# anomaly_detector

A RocketRide filter node that monitors numeric values flowing through a pipeline and flags statistical anomalies by severity.

## What it does

Watches numeric values passing through a pipeline and classifies each one as `normal`, `warning`, or `critical` using one of three statistical methods: Z-Score, IQR (interquartile range), or Rolling Average percentage deviation. Use it to catch outliers, unexpected spikes, or shifts in data distribution that may need attention.

Implemented entirely with the Python standard library (`math`, `threading`, `collections`); no external dependencies are required.

One detector is created per pipeline execution and shared across all instances. It maintains a thread-safe sliding window of the most recent `windowSize` values. Each incoming value is scored against the current window contents and then appended to the window. Window state is discarded when the pipeline ends.

Non-finite inputs (NaN, positive/negative infinity) are treated as `normal` and skipped. Until the window holds enough data (2 values for Z-Score and Rolling Average, 4 for IQR), every value is reported as `normal` with `details: "insufficient data"`, so expect a brief warm-up period at the start of every run.
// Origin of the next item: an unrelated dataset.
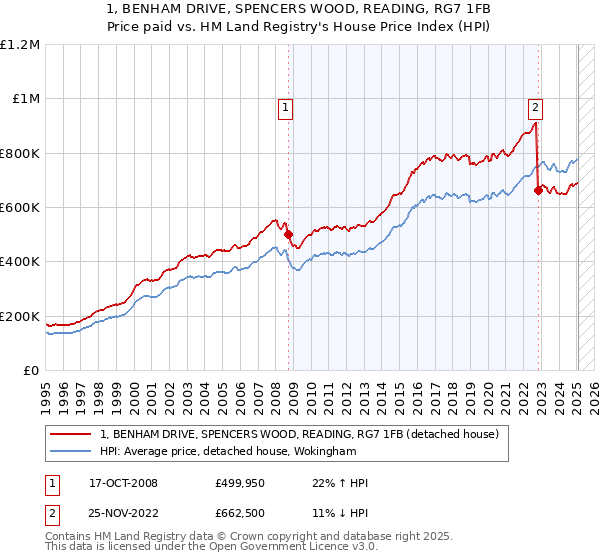 1, BENHAM DRIVE, SPENCERS WOOD, READING, RG7 1FB: Price paid vs HM Land Registry's House Price Index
This node is marked **experimental**.

---

## Configuration

### Lanes

| Lane        | In → Out                  | Behaviour                                                                                                                      |
|-------------|---------------------------|--------------------------------------------------------------------------------------------------------------------------------|
| `text`      | `text` → `text`           | Parses a numeric value from the incoming text, scores it, and annotates anomalous text. Non-numeric text passes through unchanged. |
| `documents` | `documents` → `documents` | Reads the configured `metric` field from each document's metadata, scores it, and writes the detection result back into the metadata. |

### Text lane

The node first tries to parse the entire (stripped) text as a float. If that fails, it extracts the first numeric token via regex (integers, decimals, scientific notation, optional leading minus). If no number can be found, the text is forwarded unchanged and a debug message is logged.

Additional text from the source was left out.